In terms of treatment, Hare notes that sexual offenders who are psychopathic present special problems.

"The offenses of psychopathic sex offenders," he says, citing the literature, "are likely to be more violent or sadistic than are those of other sex offenders."

They also recidivate more, diversify their crimes, and fail to learn from punishment. "Psychopaths appear to suffer little personal distress, see little wrong with their attitudes and behavior, and seek treatment only when it is in their best interests to do so."

They apparently fail to process emotion the way ordinary people do, and that means they have no empathy. Thus, the typical socialized emotional inhibitions on aggression are weak.

When Berdella was asked about his intent after the second murder, he said that he didn't really have one, at least not consciously. It was more a matter of not being caught the first time, so what difference did it really make if he killed again?

Adriane Raine, from the University of Southern California and long interested in the neurological correlates of psychopathic behavior, has found brain deficits in several areas that appear to contribute to violence—specifically the limbic system (the emotional center) and the prefrontal cortex. These deficits may make psychopaths impulsive, fearless, less responsive to aversive stimulation, and less able to make appropriate decisions about aggression toward others. They may also seek out sensation-stimulating activities. Predatory murderers are lacking in affect and are much more likely to attack a stranger than those whose violence is more reactive or emotional.

In evaluating the emotional processes in the true psychopath, Patrick Christopher echoes both Raine and Hare when he says that the predatory behavior of the psychopath is related to weakness in the brain's defensive system. Emotions are thought to activate one of two basic processes in the brain, aversive and appetitive, or avoidance and approach. "In psychopaths," he says, "unpleasant stimuli have to be highly intense for defensive action to activate and interrupt goal-seeking behavior." In other words, it's not long-term ideas about imprisonment that will deter, nor their victim's pain or distress, but rather immediate personal punishment to themselves.
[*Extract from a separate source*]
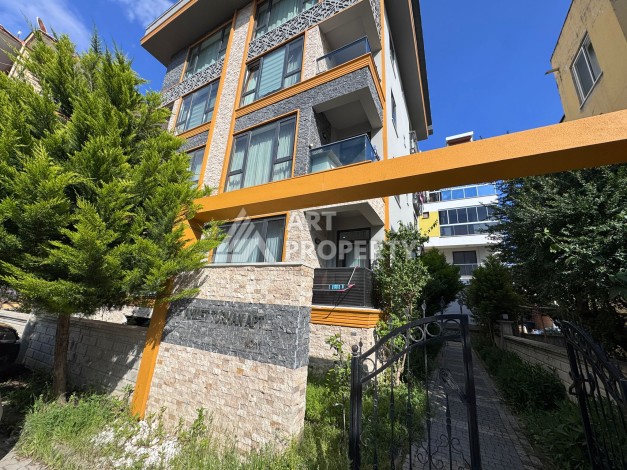 Меблированная квартира 1+1 у пляжа Клеопатры, 47 кв.м - Ракурс 1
They have a goal in mind and they will use force and violence to achieve it—unless it may harm them somehow, such as stabbing someone much larger who might fight back and win.  

But even more profound, serial killers use the string of murders as a way to give meaning and purpose to their lives. Candice Skrapec, from California State University at Fresno, tries to learn what it is that drives them and she finds basic human needs, albeit exaggerated. From interviews, she discovered that male serial killers of the predatory type feel like victims and strike back in anger to make others pay. In short, they feel both exempt from even their own moral codes and entitled to do whatever they are doing. They fuel their momentum with dark fantasies that make them feel larger than what they actually are and seem to complete them. Enacting the fantasy protects them by challenging their self-image of powerlessness and making them feel special—they are doing something that few people can do.
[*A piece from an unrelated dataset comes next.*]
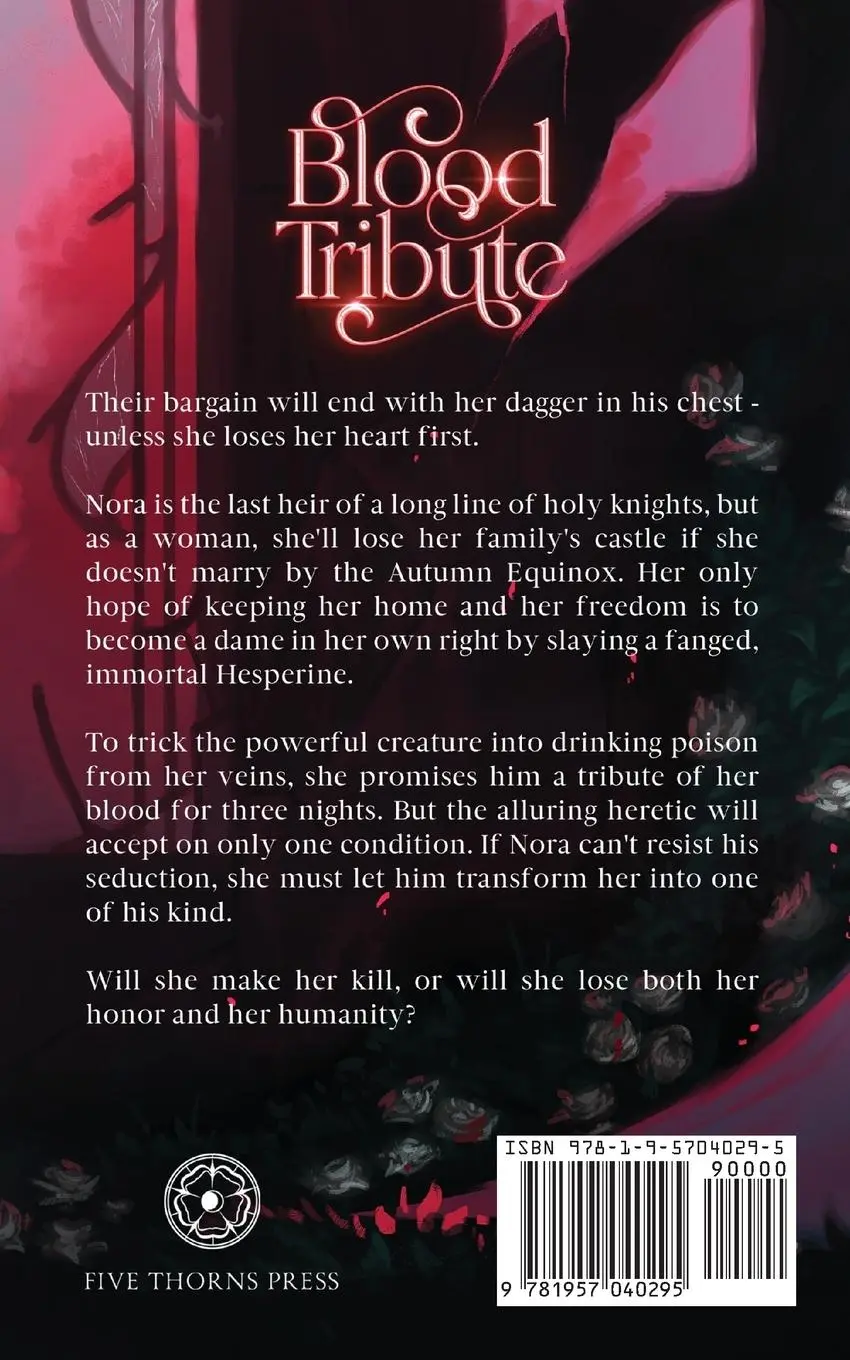 Rückseite: 9781957040295 | Blood Tribute | A Spicy Fantasy Romance Novella | Vela Roth | Buch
The killing thus increases their sense of vitality, which produces euphoria that is followed by a sense of calm or relief from pressure. When their murders are covered in the media, it affirms their sense of power. It isn't difficult to sexualize the aggression, even if sexual predation is not the original motive. They express the sense that killing involves something larger than mere death—the urge to fully destroy. Given their limited range of evaluation—everything is black or white with no in between—their acts must be all or nothing.

The killings "reconstitute" a fragmented sense of self into an integrated whole. "In the end," says Skrapec, "what appears outwardly to be offensive behavior is essentially defensive." Serial killers experience anger as emptiness and so they act out to feel better, even to devise a sense of meaning within their lived experience.

Regardless of just how Berdella's brutality might be explained, he ranks with John Wayne Gacy, Jeffrey Dahmer, Dennis Nilsen, and others who believe they need to dominate a vulnerable person and make him do their bidding—even unto death.